Increasing numbers of preschool children have been diagnosed with ADD in the last decade. In a recent Michigan Medicaid study, Rapley identified 223 kids aged 3 years or younger who received a diagnosis of ADHD; 60% received stimulant medication.40 Eight published randomized controlled studies attest to the robust efficacy of stimulants in the preschooler.[41,42] We are bombarded with the promise of safe treatment in this age group by leading authorities.[43,44] Yet early childhood is a time of tremendous change for the developing brain. Cerebral metabolic rate and cortical synaptic density peaks at age 3 years and is substantially modified by pruning the next 7 years. Treatment with neuropsychiatric drugs in young rats alters lifelong levels of dopamine and norepinephrine.40 Young adult monkeys exposed to just 2 doses of amphetamine (2 mg/kg) showed substantial decreases in striatal dopamine synthesis capacity and took up to 32 weeks to recover.45 Thus, it would be prudent to pause before committing to treatment in this age group. Like a child who languishes because he is not exposed to adequate amounts of language at this critical developmental period, so too will kids struggle with behavior if they are not provided with the basic framework of security, discipline, and limit setting.

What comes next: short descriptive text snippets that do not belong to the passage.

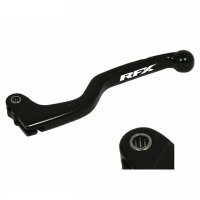 Maneta de embrague RFX Pro - Kawasaki KXF450/250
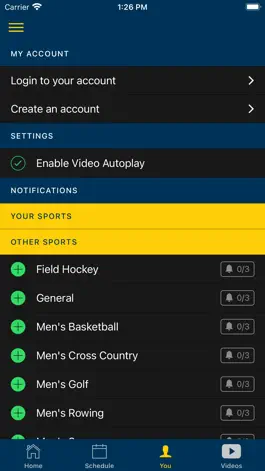 Game screenshot La Salle Explorers hack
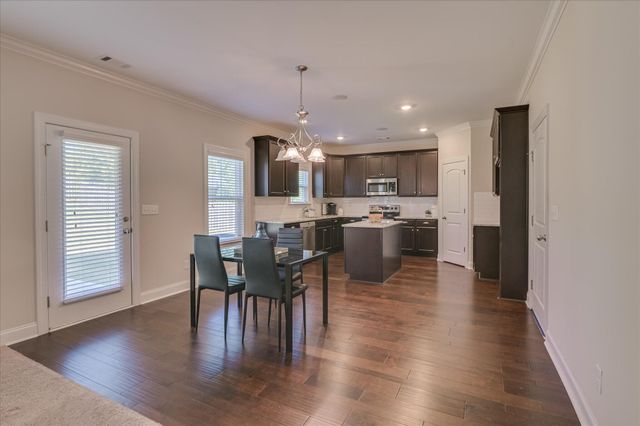 208 Torrey Pine Trail, Evans, GA 30809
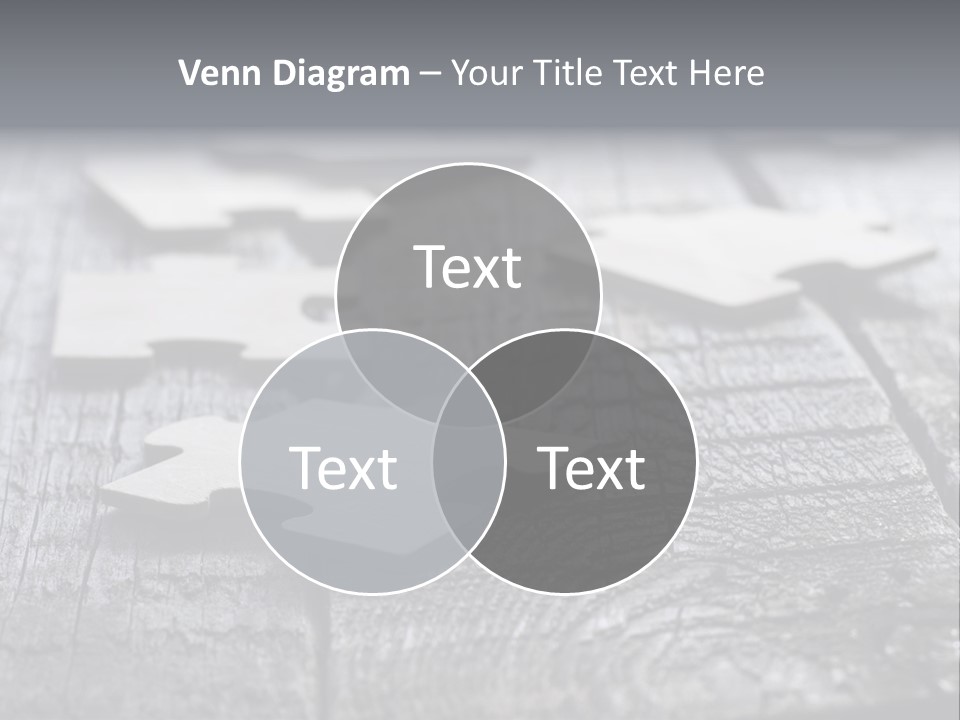 Patience Contact Background PowerPoint Template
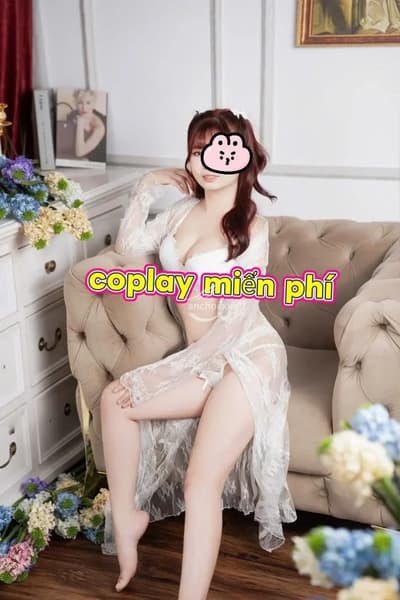 Hà Nhi - Gái Dâm Kỹ Năng Điêu Luyện
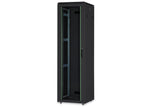 EAN 4016032336747 - Digitus DN-19 42U-6/6-DB armario rack Rack o bastidor independiente Negro imagen 2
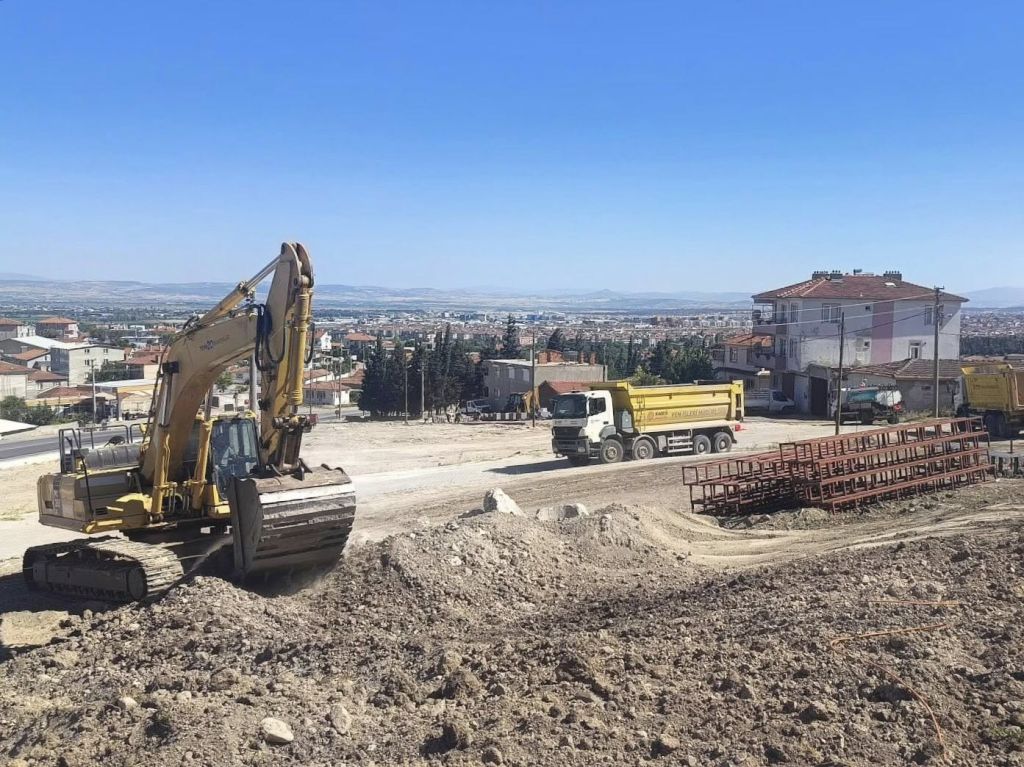 Balıkesir’de Alarm! 515559586 23868842179391314 3602134618399549172 n - Marmara Bölge Gazetesi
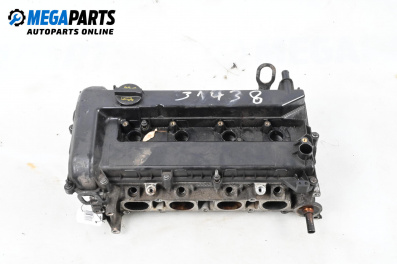 Engine head for Volvo V50 Estate (12.2003 - 12.2012) 1.8, 125 hp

The Role of Parents and Schools
In 1970, it was estimated that 150,000 American children were taking stimulants.46 Over 3 million US children currently take stimulant medication.41 Americans use 90% of the stimulants used worldwide. Stimulant use varies 5-fold among states and 20-fold in different communities within states. These facts lend support to the cultural hypothesis.47 In the Great Smoky Mountain study, stimulant treatment was being used in ways substantially inconsistent with current diagnostic guidelines.[3,23] This implies that, to some extent, the ADHD diagnosis is being used as a maculate canopy to justify the use of stimulants for a wide range of performance and behavioral problems in children. The following case summary serves to illustrate this point.

Case Report
Jimmy, age 11, was brought to our office recently for a second opinion. His parents were divorced 4 years prior and their current relationship reportedly was adversarial. Jimmy had been on stimulant therapy for 3 years. His teachers reported that Jimmy had high-average general academic ability but was disorganized, performed inconsistently, had class work that was highlighted by impulsive and careless mistakes, frequently daydreamed, and, more recently, was noted to be confrontational and aggressive on the playground. His teachers noted that his problems were especially bad on Wednesdays and certain Fridays. Upon further questioning, Jimmy revealed that his father, to whom he felt close, had been through several live-in girl friends. Jimmy stated that his father didn’t pay attention to him when both he and his dad’s girlfriend were at the house. He added that, not long ago, his father’s infatuous relationship was so consuming that he completely forgot to pick him up at the prearranged time. This hurt Jimmy deeply. What Jimmy wanted to say at this point but couldn’t quite articulate was, “The emotional tension I’m feeling about my dad manifests as inattentiveness. My mind is consumed with these kinds of pressing concerns that render math and English relatively unimportant.”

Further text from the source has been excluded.